Jing Wang, Luca Cortese, Romeel Davé, Amélie Saintonge, Barbara Catinella, Katinka Geréb, Silvia Fabello, Steven Janowiecki, Virginia Kilborn, Cameron B. Hummels, David Schiminovich, Andrew P. Cooper, Jenna J. Lemonias

We present the extended GALEX Arecibo SDSS Survey (xGASS), a gas fraction-limited census of the atomic (HI) gas content of 1179 galaxies selected only by stellar mass ($M_\star =10^{9}-10^{11.5} M_\odot$) and redshift ($0.01<z<0.05$). This includes new Arecibo observations of 208 galaxies, for which we release catalogs and HI spectra. In addition to extending the GASS HI scaling relations by one decade in stellar mass, we quantify total (atomic+molecular) cold gas fractions and molecular-to-atomic gas mass ratios, $R_{mol}$, for the subset of 477 galaxies observed with the IRAM 30 m telescope. We find that atomic gas fractions keep increasing with decreasing stellar mass, with no sign of a plateau down to $\log M_\star/M_\odot = 9$. Total gas reservoirs remain HI-dominated across our full stellar mass range, hence total gas fraction scaling relations closely resemble atomic ones, but with a scatter that strongly correlates with $R_{mol}$, especially at fixed specific star formation rate.
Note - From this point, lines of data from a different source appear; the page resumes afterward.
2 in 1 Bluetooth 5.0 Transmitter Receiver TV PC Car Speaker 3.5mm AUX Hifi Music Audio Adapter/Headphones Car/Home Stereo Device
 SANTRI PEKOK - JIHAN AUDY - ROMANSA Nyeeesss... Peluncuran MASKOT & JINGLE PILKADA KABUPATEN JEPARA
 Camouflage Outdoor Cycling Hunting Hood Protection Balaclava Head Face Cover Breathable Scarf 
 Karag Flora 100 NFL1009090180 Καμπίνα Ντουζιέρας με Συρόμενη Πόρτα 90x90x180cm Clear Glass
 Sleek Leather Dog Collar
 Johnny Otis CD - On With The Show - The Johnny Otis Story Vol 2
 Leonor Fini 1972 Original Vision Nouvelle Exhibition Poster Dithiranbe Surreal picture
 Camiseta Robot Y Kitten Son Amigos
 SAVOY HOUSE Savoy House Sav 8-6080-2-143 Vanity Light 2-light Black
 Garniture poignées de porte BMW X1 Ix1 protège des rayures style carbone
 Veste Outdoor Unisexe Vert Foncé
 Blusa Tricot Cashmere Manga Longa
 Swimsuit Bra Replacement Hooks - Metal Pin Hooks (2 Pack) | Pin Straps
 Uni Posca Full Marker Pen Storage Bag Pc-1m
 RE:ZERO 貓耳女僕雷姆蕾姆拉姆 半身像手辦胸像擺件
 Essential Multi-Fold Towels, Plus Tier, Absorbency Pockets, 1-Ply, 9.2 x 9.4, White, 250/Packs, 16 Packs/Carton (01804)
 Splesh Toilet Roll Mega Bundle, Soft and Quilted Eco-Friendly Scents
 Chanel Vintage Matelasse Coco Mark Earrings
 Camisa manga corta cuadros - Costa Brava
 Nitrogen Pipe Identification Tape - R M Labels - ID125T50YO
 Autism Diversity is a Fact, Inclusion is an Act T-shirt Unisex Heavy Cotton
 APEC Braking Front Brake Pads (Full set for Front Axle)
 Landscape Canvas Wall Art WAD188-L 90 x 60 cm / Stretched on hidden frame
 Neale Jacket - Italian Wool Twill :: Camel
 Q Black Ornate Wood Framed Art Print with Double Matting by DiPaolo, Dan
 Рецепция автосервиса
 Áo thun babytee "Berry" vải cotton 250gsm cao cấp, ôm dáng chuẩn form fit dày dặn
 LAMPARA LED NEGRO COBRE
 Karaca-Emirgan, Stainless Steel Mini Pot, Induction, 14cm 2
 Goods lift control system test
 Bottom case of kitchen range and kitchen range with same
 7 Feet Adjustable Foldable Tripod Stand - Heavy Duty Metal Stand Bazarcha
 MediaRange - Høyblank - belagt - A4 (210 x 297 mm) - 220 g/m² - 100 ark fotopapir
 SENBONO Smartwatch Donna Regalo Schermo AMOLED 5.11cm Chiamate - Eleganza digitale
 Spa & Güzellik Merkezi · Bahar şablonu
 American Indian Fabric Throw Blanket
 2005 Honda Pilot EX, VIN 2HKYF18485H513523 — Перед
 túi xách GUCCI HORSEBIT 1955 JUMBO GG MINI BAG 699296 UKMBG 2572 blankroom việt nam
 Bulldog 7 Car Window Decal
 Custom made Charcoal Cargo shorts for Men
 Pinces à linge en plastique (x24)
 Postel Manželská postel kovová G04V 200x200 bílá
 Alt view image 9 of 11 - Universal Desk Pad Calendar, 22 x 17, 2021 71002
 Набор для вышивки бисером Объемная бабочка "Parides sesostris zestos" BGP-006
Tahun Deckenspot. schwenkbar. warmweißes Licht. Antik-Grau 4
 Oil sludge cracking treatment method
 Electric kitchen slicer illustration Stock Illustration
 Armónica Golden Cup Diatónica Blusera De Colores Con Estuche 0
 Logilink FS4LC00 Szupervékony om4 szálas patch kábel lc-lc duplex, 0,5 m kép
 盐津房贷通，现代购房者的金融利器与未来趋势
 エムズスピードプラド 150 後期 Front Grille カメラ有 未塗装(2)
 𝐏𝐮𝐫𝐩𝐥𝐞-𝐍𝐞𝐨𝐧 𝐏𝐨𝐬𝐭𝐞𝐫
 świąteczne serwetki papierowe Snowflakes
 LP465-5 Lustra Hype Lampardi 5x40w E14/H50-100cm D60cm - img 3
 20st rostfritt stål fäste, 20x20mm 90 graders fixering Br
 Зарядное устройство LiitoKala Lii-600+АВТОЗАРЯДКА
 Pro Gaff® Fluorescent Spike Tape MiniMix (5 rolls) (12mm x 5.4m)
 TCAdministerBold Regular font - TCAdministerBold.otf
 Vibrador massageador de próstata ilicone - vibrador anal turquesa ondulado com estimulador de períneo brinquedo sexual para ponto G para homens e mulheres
On average, $R_{mol}$ weakly increases with stellar mass and stellar surface density $\mu_\star$, but individual values vary by almost two orders of magnitude at fixed $M_\star$ or $\mu_\star$. We show that, for galaxies on the star-forming sequence, variations of $R_{mol}$ are mostly driven by changes of the HI reservoirs, with a clear dependence on $\mu_\star$. Establishing if galaxy mass or structure plays the most important role in regulating the cold gas content of galaxies requires an accurate separation of bulge and disk components for the study of gas scaling relations.